Overhead, the canopy was near full. The world beneath was cast in shades of dark green and pale grey, lanced by errant sunbeams. Just a hundred yards in, as Sentius had said, there was no mark
of axe on any tree, but instead great bloated forest giants that three men could not have stretched their arms around, and growing far closer together than seemed reasonable, each one muscling up
against its neighbours for room. The space between them was like some mad architect’s fantasy, a vaulted, irregular colonnade that unravelled in every direction into the gloom. All around
them were Sarnesh Ants, stepping carefully through the undergrowth that somehow clawed itself a hold here despite the poor light: great sprays of ferns, twisted nests of brambles, the jutting
shelves of bracket fungus, and slender capped spires of mushrooms half the height of a man.

‘Civilians,’ Sentius pronounced, giving the word that special contempt unique to military men. His gaze raked the assembly, barely pausing on Che and her followers. Tynisa understood
that they were already accepted, by order of Milus himself. The rest, however . . .
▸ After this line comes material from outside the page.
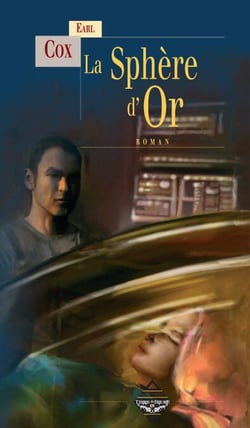La Sphère d'Or - Un roman de science-fiction à la croisée des civilisations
The Roach girl, Syale, was no surprise, and in truth she seemed to pass through these woods with an ease that surprised even the Mantis-kinden. Or perhaps she just had no common sense, of
course, but it was plain that the Sarnesh were not going to keep her out. The ambassador from Princep Salma was here to stay.

The ambassador from Collegium was a more contentious figure, though. Helma Bartrer, Master of the Great College and representative of the Assembly, seemed oblivious to any hints. Instead she had
attached herself to Terastos, the Moth-kinden nominally representing Dorax, and she was not to be dislodged short of physical force. Any such attempt would be complicated by Amnon, her vast and
unsubtle shadow.

‘Listen to me,’ Bartrer told Sentius sharply. ‘I am an expert in the history of the Etheryen and their culture. I have studied these matters for longer than you’ve held a
sword.’

‘I’ve got experts, Mistress Bartrer,’ Sentius told her with admirable mildness. ‘I have him—’ Terastos. ‘And I have her—’ Che, to her plain
surprise. ‘More to the point, I have every cursed Mantis who lives in this forest and isn’t actively trying to kill me.’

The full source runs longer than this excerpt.